YOUR OBJECTIVE:
Restate, word for word and with no pictures, the stretch of lines in the data below that begins at the line with "Harry Bean !" and ends at the line with "Мізяківська Слобідка з panoramio.com", inclusive.

====== GIVEN DATA

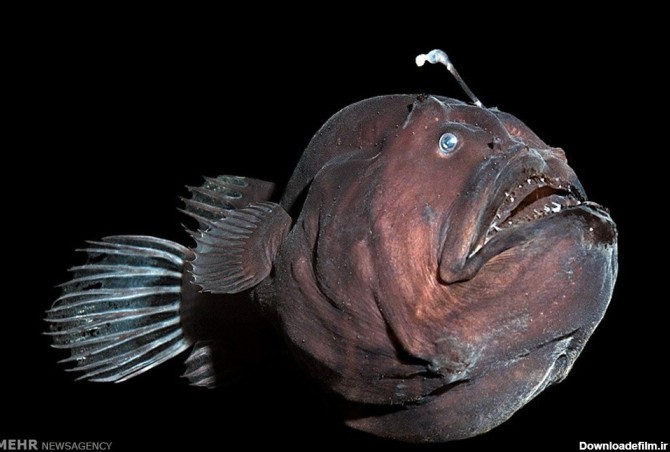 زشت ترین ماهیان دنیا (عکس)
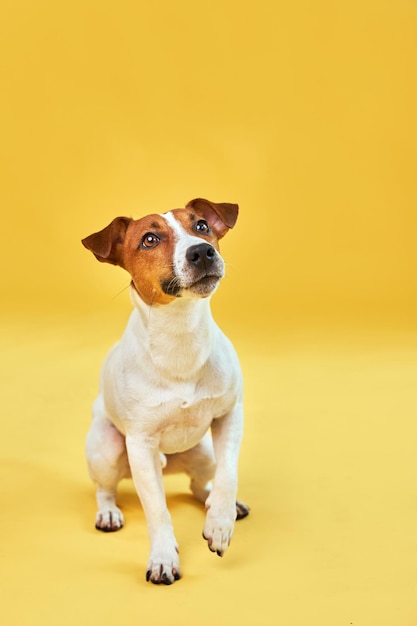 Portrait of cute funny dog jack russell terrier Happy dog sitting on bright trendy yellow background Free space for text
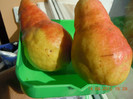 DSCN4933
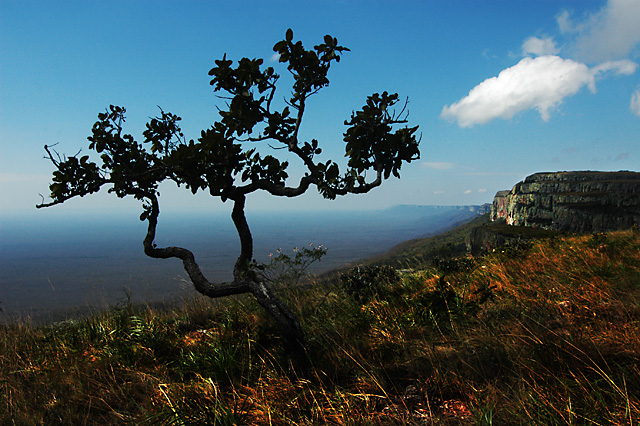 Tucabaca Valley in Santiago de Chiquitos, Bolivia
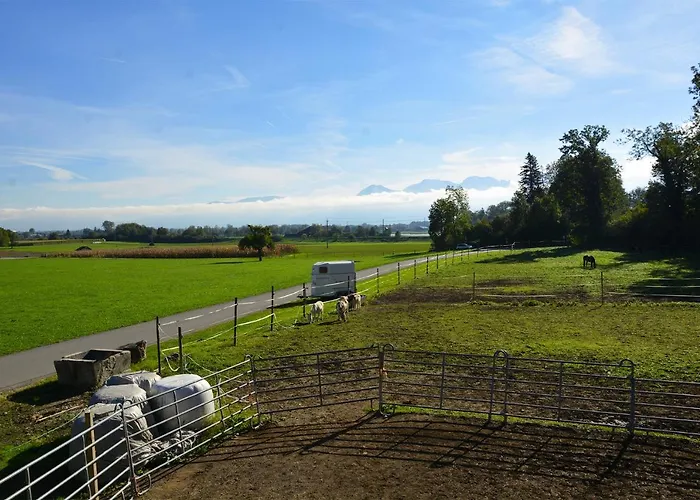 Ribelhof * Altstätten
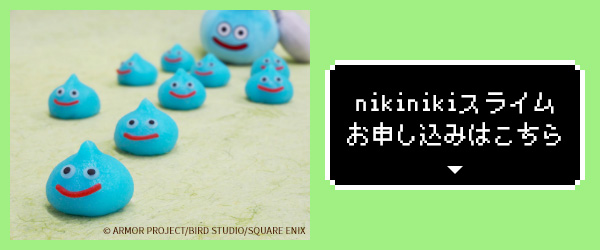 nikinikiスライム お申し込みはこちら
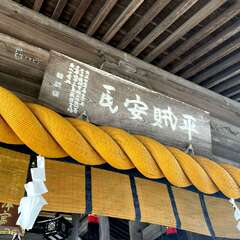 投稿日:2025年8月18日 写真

============
====== GIVEN DATA

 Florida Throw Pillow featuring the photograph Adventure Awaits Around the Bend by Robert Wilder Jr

============
====== GIVEN DATA

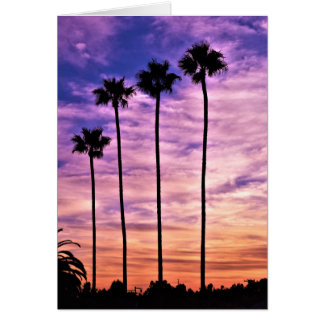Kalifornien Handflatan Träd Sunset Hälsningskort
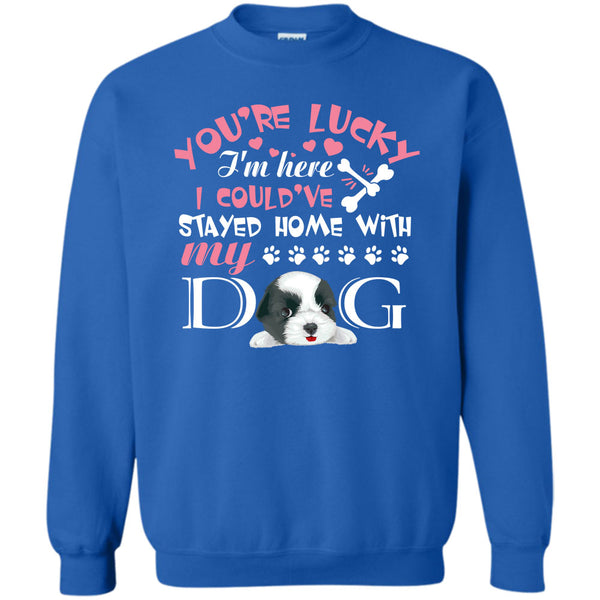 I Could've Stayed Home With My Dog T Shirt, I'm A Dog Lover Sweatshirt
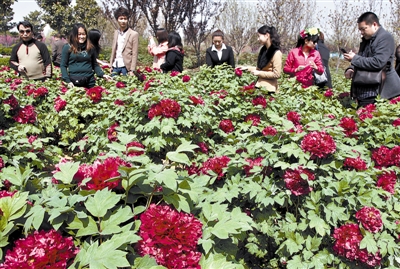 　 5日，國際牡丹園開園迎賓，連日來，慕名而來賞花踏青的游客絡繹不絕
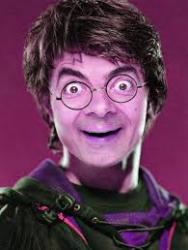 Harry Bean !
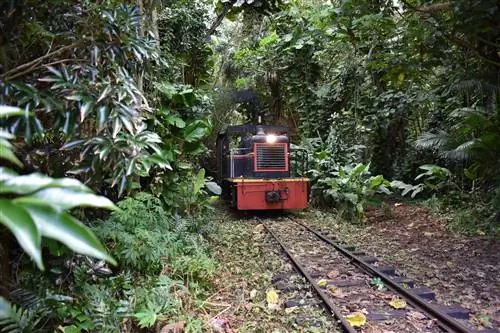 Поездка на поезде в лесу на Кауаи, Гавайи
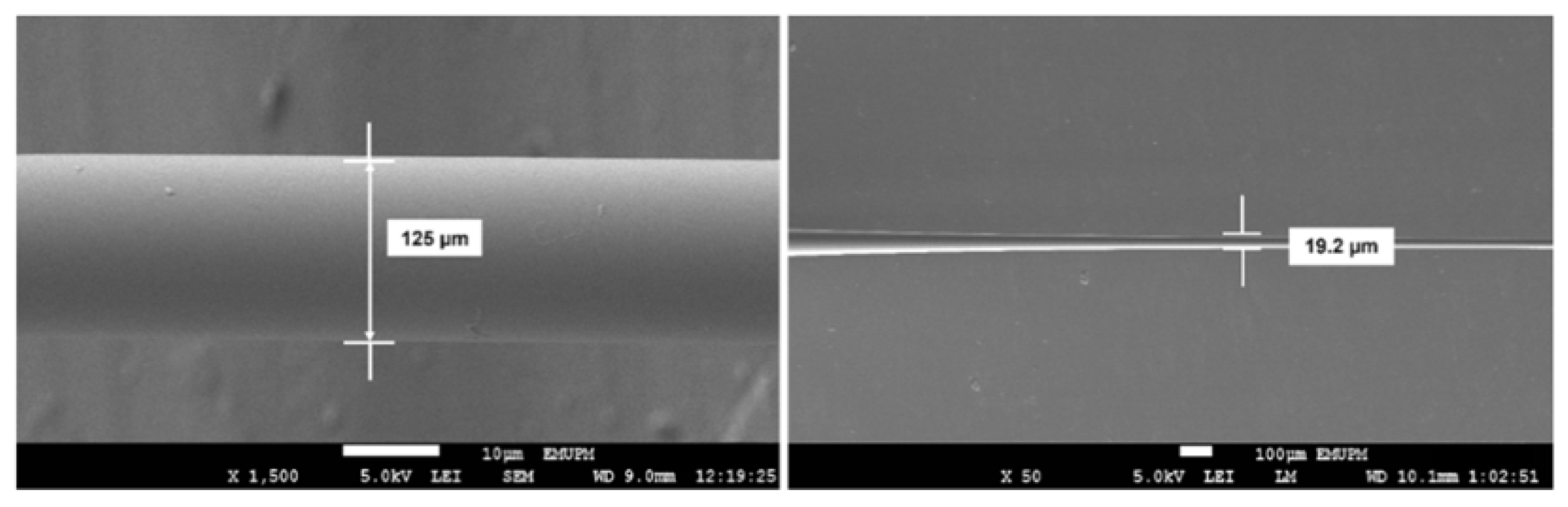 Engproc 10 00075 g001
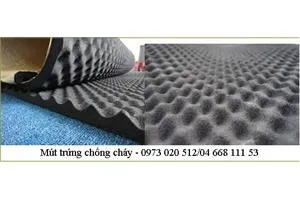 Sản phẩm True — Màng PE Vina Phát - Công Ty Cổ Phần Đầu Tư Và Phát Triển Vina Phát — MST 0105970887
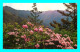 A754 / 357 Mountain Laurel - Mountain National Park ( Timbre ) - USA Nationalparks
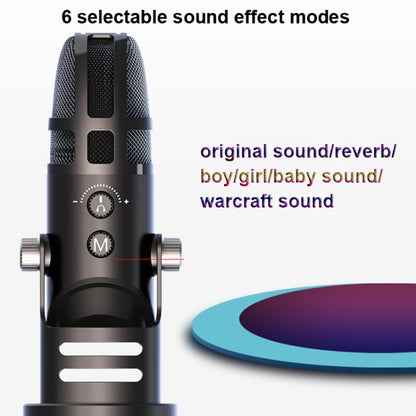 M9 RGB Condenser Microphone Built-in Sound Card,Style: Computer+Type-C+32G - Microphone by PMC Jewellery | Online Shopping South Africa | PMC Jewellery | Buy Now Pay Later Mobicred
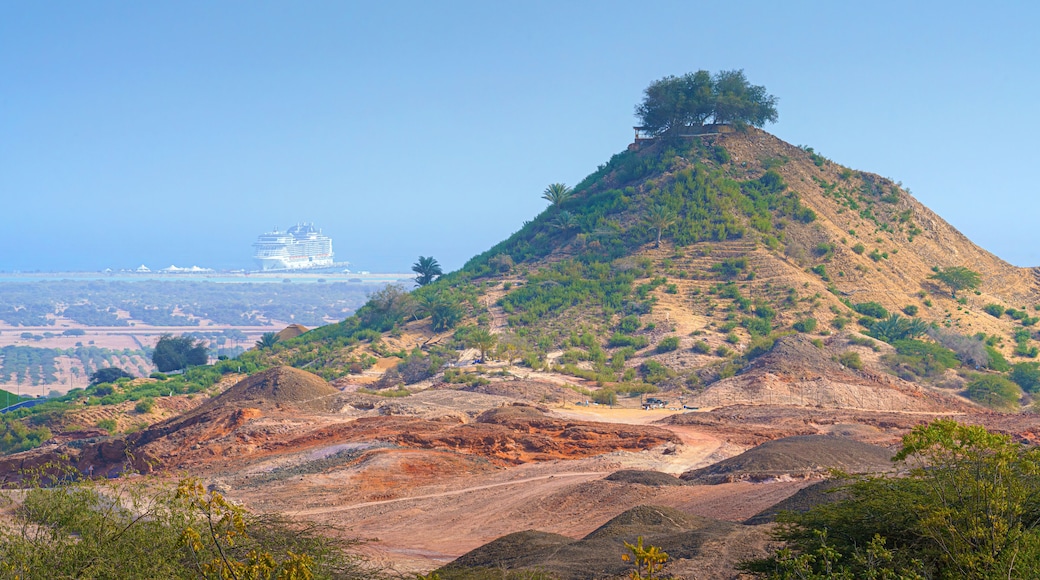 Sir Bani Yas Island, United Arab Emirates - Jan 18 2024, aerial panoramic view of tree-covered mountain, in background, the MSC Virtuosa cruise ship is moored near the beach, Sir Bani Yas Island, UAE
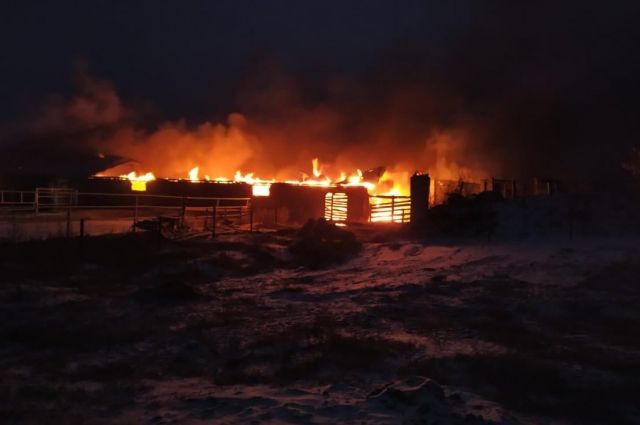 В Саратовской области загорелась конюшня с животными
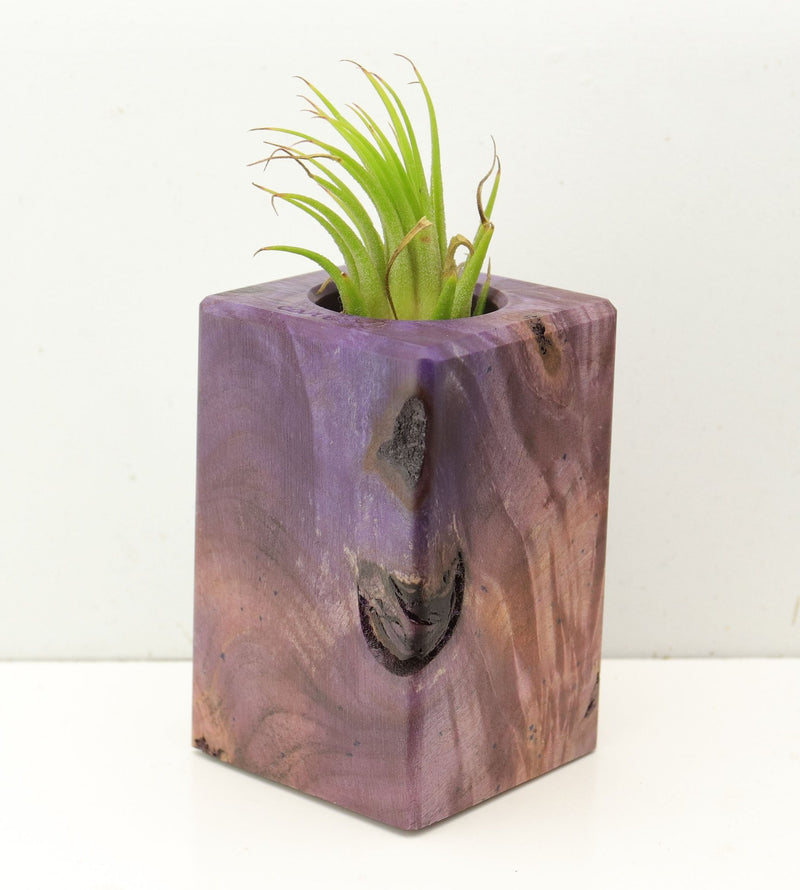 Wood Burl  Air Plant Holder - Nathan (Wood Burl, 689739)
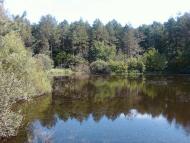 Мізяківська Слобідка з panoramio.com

============

TASK OUTPUT:
 Harry Bean !
 Поездка на поезде в лесу на Кауаи, Гавайи
 Engproc 10 00075 g001
 Sản phẩm True — Màng PE Vina Phát - Công Ty Cổ Phần Đầu Tư Và Phát Triển Vina Phát — MST 0105970887
 A754 / 357 Mountain Laurel - Mountain National Park ( Timbre ) - USA Nationalparks
 M9 RGB Condenser Microphone Built-in Sound Card,Style: Computer+Type-C+32G - Microphone by PMC Jewellery | Online Shopping South Africa | PMC Jewellery | Buy Now Pay Later Mobicred
 Sir Bani Yas Island, United Arab Emirates - Jan 18 2024, aerial panoramic view of tree-covered mountain, in background, the MSC Virtuosa cruise ship is moored near the beach, Sir Bani Yas Island, UAE
 В Саратовской области загорелась конюшня с животными
 Wood Burl  Air Plant Holder - Nathan (Wood Burl, 689739)
 Мізяківська Слобідка з panoramio.com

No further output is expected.